Regions Bank Senior Credit Facility

In November 2022, Authentic Brands and certain of its subsidiaries entered into a credit agreement with Regions Bank, which provided for a revolving credit facility of up to $65,000, subject to a borrowing base determined from eligible accounts receivable and inventory. On the Closing Date, Authentic Brands used the proceeds from the Term Loan Facility and approximately $13,900 of borrowings under the ABL Facility (i) to retire the Regions Bank revolving credit facility and real estate term loan facility with Regions Bank (see further discussion under "Mortgages" below) and the equipment financing facility with Regions Commercial Equipment Finance, LLC and Regions Equipment Finance Corporation (see further discussion under "Equipment financing Loan" below), (ii) to pay transaction fees, costs and expenses related to the Credit Agreements, and (iii) for other general corporate and working capital purposes. A loss on extinguishment of debt of $732 was recorded as a result of the early retirement of debt.
Mortgages
In July 2020, the Company entered into mortgage loan agreements to refinance the purchase of buildings for a total of $5,500 at an interest rate of 3.67% per annum. The loans were secured by the real property financed. The loans were scheduled to mature on July 29, 2025.

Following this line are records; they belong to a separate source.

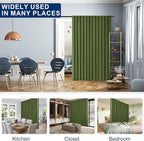 Hiasan Christmas Room Divider Curtains Blackout Patio Sliding Door Curtain Privacy Room Noise Reduction Panel with Back Tab & Rod Pocket for Glass Door Bedroom Partition(80 x 84 Inches, Olive Green)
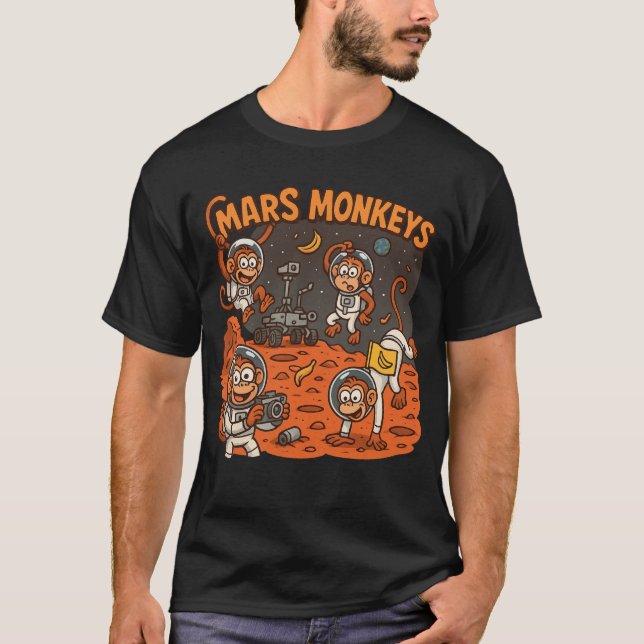 Camiseta Mars Monkeys animal engraçado (Frente)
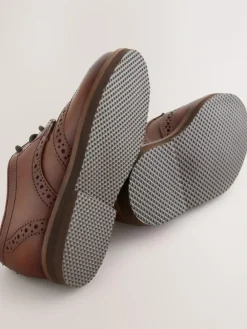 Next Tan Brown Wide Fit (G) Smart Leather Brogue Shoes^BOY Shoes|Occasionwear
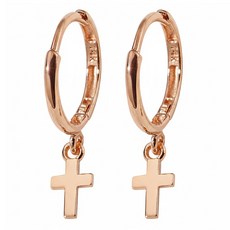 SEMI JEWELRY 女款 14K 金 迷你日常單扣十字架耳環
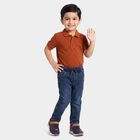 Boys Blue Straight Fit Washed Jeans, Mid Blue, small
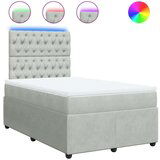 vidaXL Krevet s oprugama i madracem svjetlosivi 120x190 cm baršunasti | shoptok.hr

In April 2021, the Company entered into a mortgage loan agreement to purchase a building for a total of $2,200 at an interest rate of 3.60% per annum. The loan was secured by the real property financed. The loan was scheduled to mature on April 29, 2026.
These mortgage loans were repaid with the proceeds of the Term Loan Facility on the Closing Date.
Equipment Term Loan
In August 2022, borrowings under the equipment financing loan of $4,043 were converted into the Equipment Term Loan (the “Term Loan”). The Term Loan was secured by the equipment financed and was scheduled to mature in June 2029 bearing an interest rate of 6.88%.
The Equipment Term Loan was repaid with the proceeds of the Term Loan Facility on the Closing Date.
Equipment Financing Loan
In July 2020, the Company entered into an equipment financing agreement which provided a credit line totaling $3,250 at an interest rate of Bloomberg Short Term Bank Yield Index plus 3.50%. The credit line was secured by the equipment financed.
In April 2021, the Company increased its equipment credit line by $10,000. Further, in July 2021, an additional $6,000 was added to the available credit on the equipment finance loan. In September 2021, $1,998 outstanding on the equipment credit line was converted to a 60-month term loan at an interest rate of 4.05% to be utilized for retail expansion (“Retail Facility”).
The Retail Facility was repaid with the proceeds of the Term Loan Facility on the Closing Date.
Notes Payable
In July and September 2021, the Company entered into note payable agreements for $2,588 at an interest rate of approximately 1.00% per annum to repurchase Incentive Units from former employees. The notes are payable in four annual installment payments. As of December 31, 2023, the outstanding balance on this note payable is $1,294.
In January 2022, the Company entered into a note payable agreement for $1,599 at an interest rate of 1.30% per annum to repurchase Incentive Units from a former employee. As of December 31, 2023, the outstanding balance on the notes payable is $1,199.